I mean, if he pitched that well while not being 100%, you just have to be excited about what he'll be able to do this season with his back woes reportedly behind him.
As previously mentioned, you could make an argument for any of the starting five pitchers to take the mound on Opening Day. But with how Estrada has morphed himself from practically a no-name into one of the best pitchers in baseball, while making himself synonymous with the changeup, he has more than earned that right to be honored with the role as first in the rotation. Again, don't get caught up in the order and who is positioned where. I mean, if we're arguing over who should be the number one in the rotation, while at the same time agreeing that a case could be made for all five of these candidates taking the Opening Day role, you have to admit that it's an outstanding problem to have! I'll take this all day!
However, (totally shifting gears here), what seems to be a concern for the brass is the state of the Jays' depth for starting pitching.
This is something that shouldn't be brushed off. Injuries tend to be rather frequent and having a reliable pitcher to ease the tension during the absence of any of these five pitchers - for whatever reason - is heavily valued.
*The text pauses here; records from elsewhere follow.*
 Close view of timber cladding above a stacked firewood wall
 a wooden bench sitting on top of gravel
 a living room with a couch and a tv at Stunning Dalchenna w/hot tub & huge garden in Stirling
During an appearance on The Fan 590, Jays' President and CEO Mark Shapiro voiced his concern with the not-so-subtle drop-off from the fifth starter to the sixth. As it stands, the Jays currently have Mat Latos, Casey Lawrence, Lucas Harrell, Jarrett Grube, and T.J. House that act as candidates to serve as replacements should any of the current starters need to miss some time. A not-so-subtle drop-off, indeed.
I think this is a fair concern to have. It's not unreasonable to anticipate that at least one of the current set of five starters may need to miss some time throughout the course of the season. Baseball is tricky like that and random things tend to happen... often. Sure, the gut-reaction is to scoff off the concern of the abilities of a sixth starter when things look bright. But what happens if Estrada's back tightens up again? Or there's a forearm issue with Happ? Or Sanchez is dealing with shoulder soreness and/or has to deal with an innings limit thing again? (Side note - I DON'T WISH FOR ANY OF THIS TO HAPPEN! Ok, continuing...) It's not like any of these situations are impossibilities. Thus, having a sixth starter fill in for a team that has the potential of winning the Division (there, I said it) isn't something that should be overlooked.
Reading between the lines a little bit, maybe what Shapiro is saying - without actually saying it - is he's actively looking for a pitcher that he would feel more comfortable with as a sixth starter. When looking at who's available in free agency, the barrel looks pretty dry, as Edwin Jackson, Tim Lincecum, and Henderson Alvarez (arguably) being the best available, amongst others. I'm not sure of the asking price of any of the available pitchers, but maybe the strategy is to wait until the season starts and make low-ball offers? I don't know. It's not my department and negotiating isn't my strong suit. Moreover, if you ignore the names of the available free agents, do they make you feel any better than Latos does? Sure, Latos' outings this spring haven't been as encouraging as you'd like them to be, - 6.94 ERA in 11.2 innings, giving up 8 hits, 4 of which were home runs, and issuing 7 walks - but if the Jays give him more time as a starter in Buffalo, maybe he could put together a string of starts that are "good enough".... maybe?
Yeah, I'm not confident either.
What I am confident in is the notion that the roster isn't a set-in-stone thing, when it comes to depth. The baseball season is a long one, and acquiring depth via trade and/or free agency is certainly not out of the question. But you have to consider that since Shapiro vocalized it, it's got to be something that's on the top of his To-Do List in terms of improving the team.
That, and ya know, improving left-field. But that horse has long been dead.